**Requirement:**
The records below are to be set down again exactly, with the pictures left out.

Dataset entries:
────────
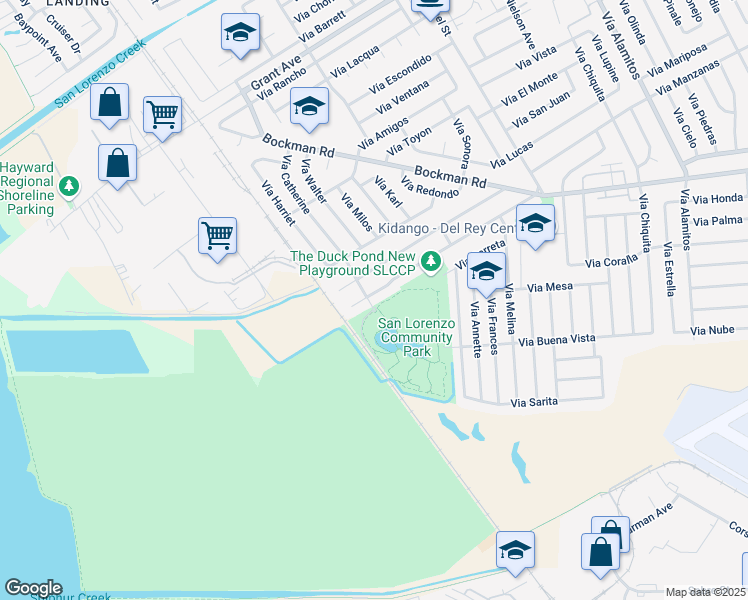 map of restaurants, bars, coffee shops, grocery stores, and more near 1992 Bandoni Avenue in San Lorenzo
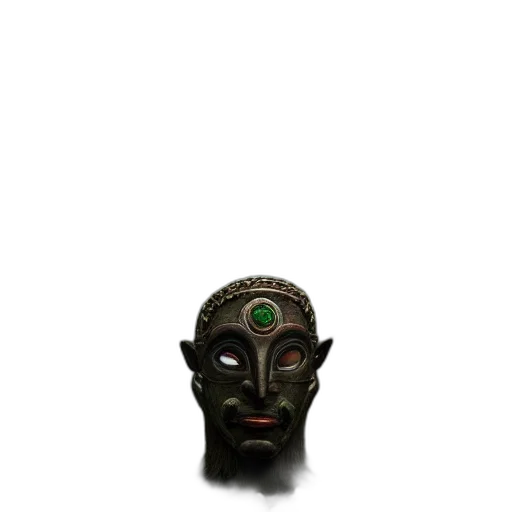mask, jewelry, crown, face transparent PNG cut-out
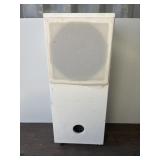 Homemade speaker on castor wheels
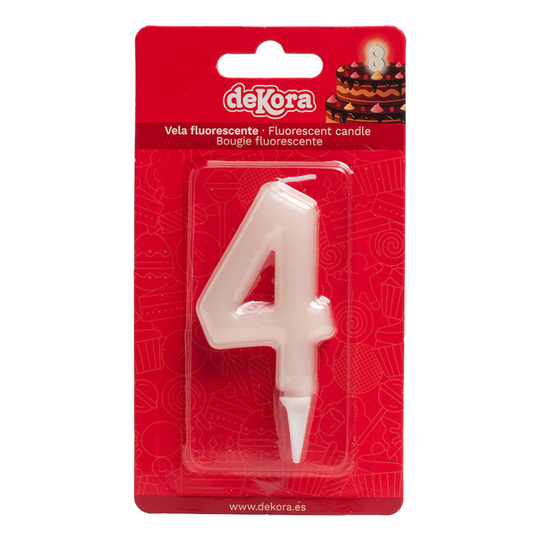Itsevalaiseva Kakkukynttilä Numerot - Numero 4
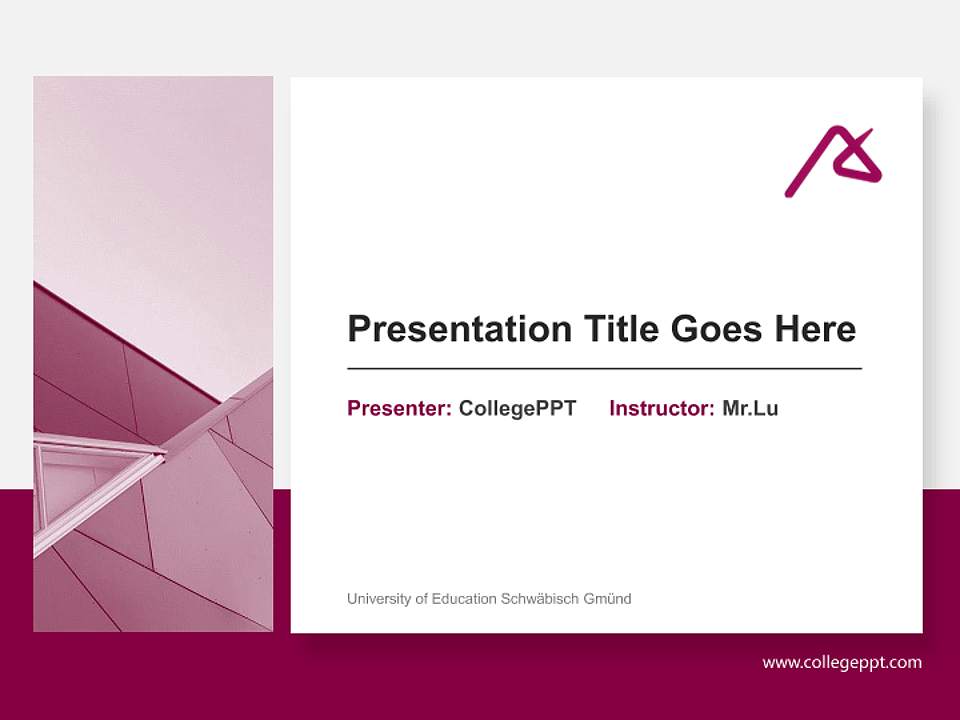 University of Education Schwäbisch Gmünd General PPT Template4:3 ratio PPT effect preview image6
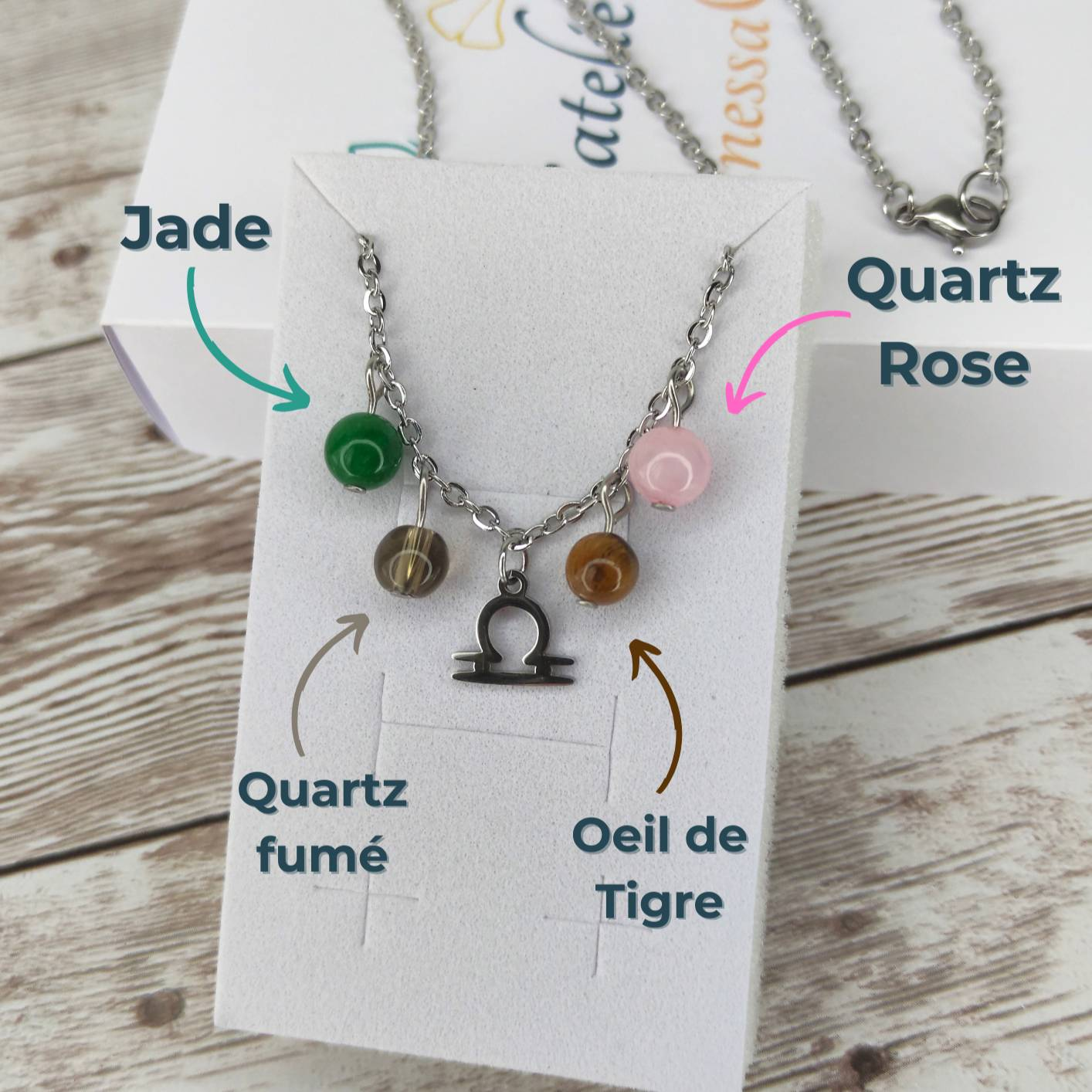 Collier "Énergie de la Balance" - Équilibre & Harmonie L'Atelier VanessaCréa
────────
**Output below:**
 map of restaurants, bars, coffee shops, grocery stores, and more near 1992 Bandoni Avenue in San Lorenzo
mask, jewelry, crown, face transparent PNG cut-out
 Homemade speaker on castor wheels
Itsevalaiseva Kakkukynttilä Numerot - Numero 4
 University of Education Schwäbisch Gmünd General PPT Template4:3 ratio PPT effect preview image6
 Collier "Énergie de la Balance" - Équilibre & Harmonie L'Atelier VanessaCréa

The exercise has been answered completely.